## EXERCISE PROMPT
In the records below, find the line that holds "Zap Calcium Plus". Restate it and every later line exactly, stopping at the end and skipping pictures.

## MATERIAL SUPPLIED
↓↓↓

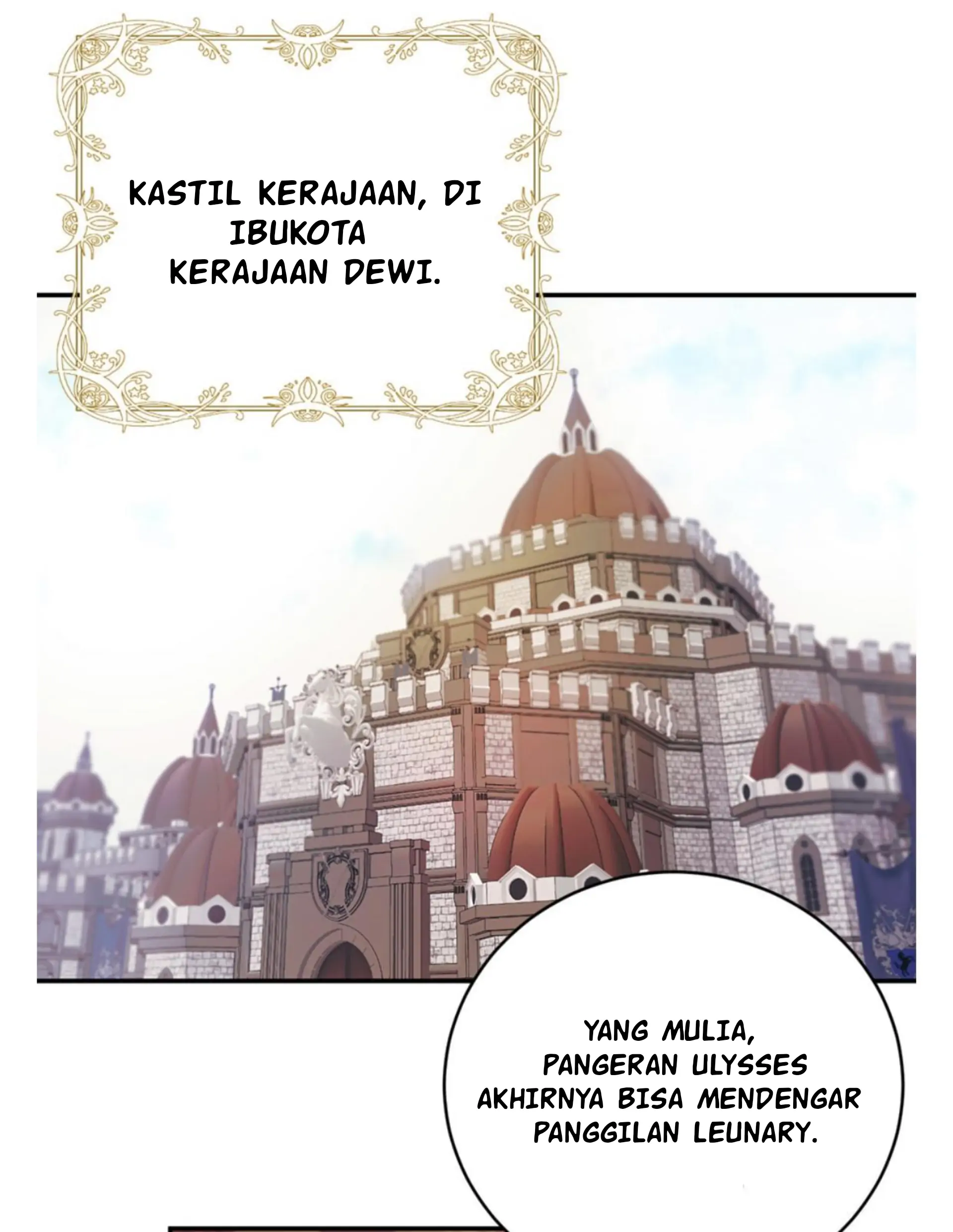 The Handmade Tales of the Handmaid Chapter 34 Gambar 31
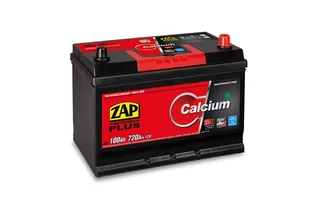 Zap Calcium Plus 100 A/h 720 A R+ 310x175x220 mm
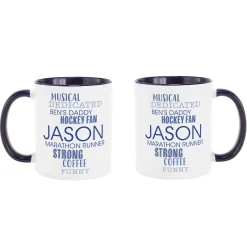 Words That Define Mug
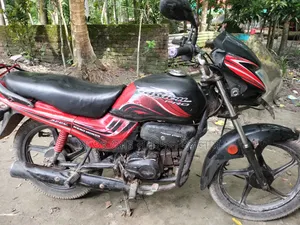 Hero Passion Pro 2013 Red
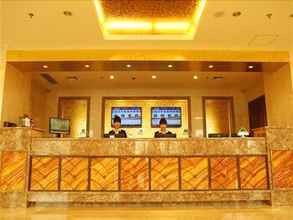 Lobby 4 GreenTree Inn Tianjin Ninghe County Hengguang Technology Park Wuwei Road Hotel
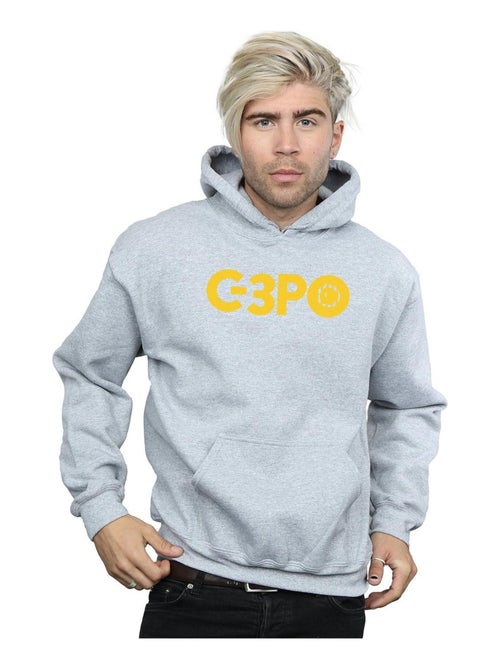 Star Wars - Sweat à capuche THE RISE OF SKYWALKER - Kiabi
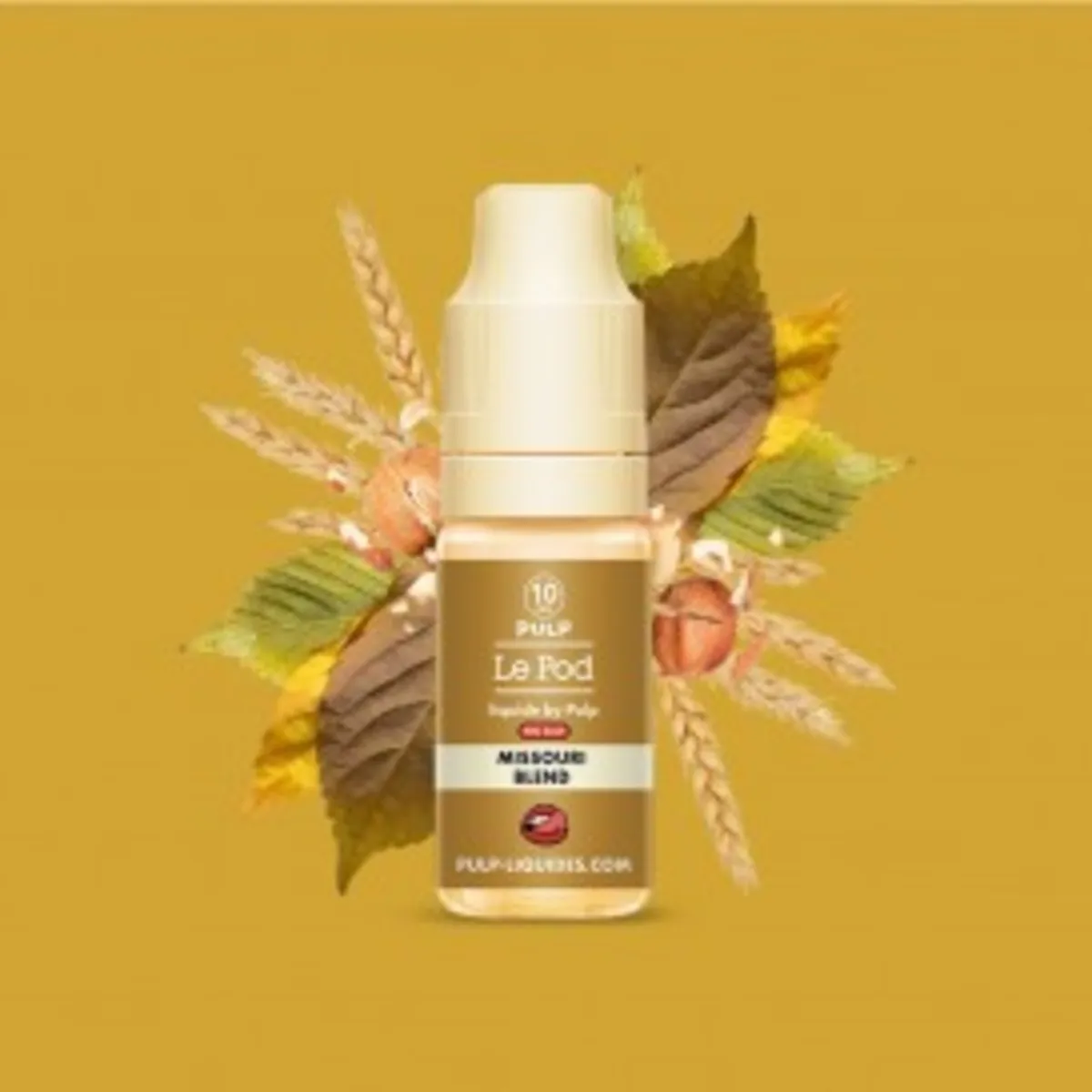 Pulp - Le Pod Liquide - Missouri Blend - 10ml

↑↑↑

## THE ANSWER
 Zap Calcium Plus 100 A/h 720 A R+ 310x175x220 mm
 Words That Define Mug
 Hero Passion Pro 2013 Red
 Lobby 4 GreenTree Inn Tianjin Ninghe County Hengguang Technology Park Wuwei Road Hotel
 Star Wars - Sweat à capuche THE RISE OF SKYWALKER - Kiabi
 Pulp - Le Pod Liquide - Missouri Blend - 10ml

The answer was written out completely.